Inteligencia artificial y talento humano – El Cronista

Durante los últimos años se instaló una discusión que parece atravesar todos los ámbitos del mundo del trabajo: ¿el futuro pertenece a la inteligencia artificial o al talento humano? Es un planteo atractivo, pero también engañoso. La pregunta correcta no es cuál de los dos prevalecerá, sino cómo lograr que ambos se potencien. El diferencial comienza a construirse cuando las organizaciones son capaces de generar una cultura donde aprender forme parte del trabajo cotidiano y donde las personas se desarrollen y crezcan al mismo ritmo que la tecnología, e incluso de manera tal que sea ese mismo desarrollo y crecimiento del talento humano el que impulse la innovación tecnológica.

La verdadera ventaja competitiva ya no reside únicamente en incorporar nuevas tecnologías. Tampoco alcanza con contar con equipos altamente calificados si sus conocimientos permanecen estáticos. El diferencial comienza a construirse cuando las organizaciones son capaces de generar una cultura donde aprender forme parte del trabajo cotidiano y donde las personas evolucionen al mismo ritmo que la tecnología.

No se trata de una percepción. El Future of Jobs Report 2025, elaborado por el World Economic Forum, estima que cerca del 40% de las habilidades requeridas para un empleo cambiarán antes de 2030, mientras que seis de cada diez trabajadores necesitarán actualizar o reconvertir sus competencias durante los próximos años. En paralelo, la gran mayoría de las empresas consultadas reconoce que la inversión más estratégica para mantener su competitividad será el desarrollo de capacidades en sus equipos. En otras palabras, la actualización del conocimiento pasó a ser un activo empoderado por la aparición de la IA, y debe sostenerse permanentemente.

Este cambio también modifica la manera en que entendemos una carrera profesional. Durante décadas imaginamos el crecimiento como una escalera: ingresar, acumular experiencia, ascender y liderar. Hoy las trayectorias se parecen mucho menos a un recorrido lineal y mucho más a una red de oportunidades donde aprender una nueva tecnología, participar en proyectos interdisciplinarios, trabajar con equipos multiculturales o asumir desafíos internacionales forman parte del mismo proceso de desarrollo.
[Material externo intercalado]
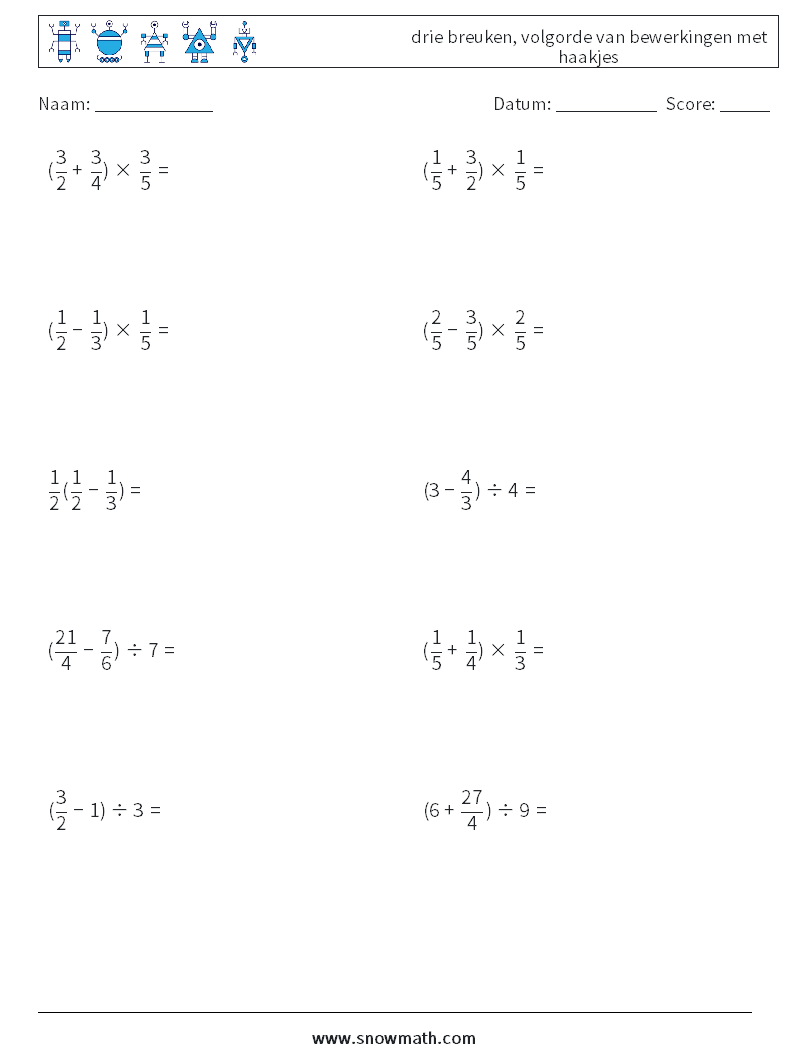 (10) drie breuken, volgorde van bewerkingen met haakjes Wiskundige werkbladen 9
En ese contexto, la inteligencia artificial representa probablemente un desafío troncal de nuestra generación. El verdadero interrogante ya no es cuántas tareas podrán automatizarse, sino cuántas organizaciones serán capaces de preparar a sus equipos para trabajar junto a estas nuevas herramientas. La tecnología, por sí sola, no transforma empresas. Son las personas quienes custodian y la convierten en mejores decisiones, procesos más eficientes, innovación y nuevas oportunidades de negocio.

Esa transformación también redefine el rol de las organizaciones. Ya no alcanza con atraer talento; es necesario crear entornos donde ese talento pueda desarrollarse de manera constante. Hablar de capacitación, entonces, resulta insuficiente. El desafío consiste en construir culturas de aprendizaje continuo, donde la curiosidad, la colaboración y la actualización permanente sean parte de la experiencia diaria y no una instancia aislada.
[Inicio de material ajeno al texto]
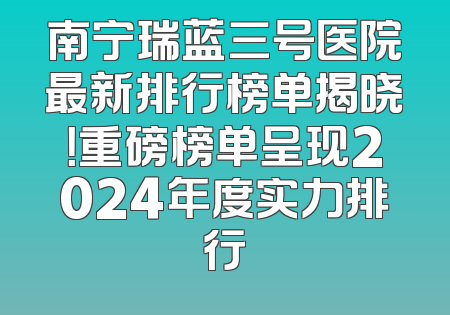 南宁瑞蓝三号医院最新排行榜单揭晓！重磅榜单呈现2024年度实力排行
En ABB, esa visión se traduce en una estrategia que combina plataformas globales de aprendizaje, certificaciones internacionales, academias técnicas para perfiles STEM, programas de mentoría, formación en inteligencia artificial y herramientas digitales, además de experiencias que permiten participar en proyectos internacionales sin necesidad de abandonar el país. Más que ofrecer cursos, el objetivo es que el aprendizaje acompañe cada etapa del desarrollo profesional.

Hace apenas una década, para participar en un proyecto de ingeniería para Europa o Norteamérica, la respuesta casi siempre era la misma: había que hacer las valijas. Hoy cada vez más profesionales trabajan desde Argentina para clientes distribuidos en distintos continentes, colaborando en tiempo real con equipos multiculturales y utilizando tecnologías que eliminan las fronteras físicas.Desde Argentina, ABB se consolidó como un hub estratégico de ingeniería y exportación de servicios basados en el conocimiento y en 2025 profesionales argentinos participaron en proyectos para Estados Unidos, Canadá, México, Francia y Reino Unido, exportando más de 28.000 horas de servicios de ingeniería.

Respecto de la innovación, cambió su valor. Existe una tendencia a asociarla exclusivamente con el desarrollo tecnológico, cuando en realidad suele surgir del encuentro entre talentos y perspectivas diferentes. Equipos diversos, integrados por personas con distintas experiencias, disciplinas y generaciones, producen soluciones más creativas y toman mejores decisiones frente a problemas complejos. La diversidad y la inclusión dejaron hace tiempo de ser únicamente una agenda de gestión de personas para convertirse en un habilitador concreto de la innovación.

Probablemente esa sea una de las principales enseñanzas que deja la transformación que estamos atravesando. Mientras las herramientas tecnológicas evolucionan a una velocidad inédita, la capacidad de aprender se convierte en el recurso más escaso y valioso que puede desarrollar una organización.

Detrás de cada transformación seguirán estando las personas con roles estratégicos y operativos. Aquellas organizaciones que comprendan que el aprendizaje continuo es el puente entre el talento y la tecnología serán las que mejor preparadas estén para liderar el futuro. Esa convicción es la que, desde ABB, buscamos fortalecer cada día, impulsando el desarrollo de personas capaces de generar impacto desde Argentina para el mundo.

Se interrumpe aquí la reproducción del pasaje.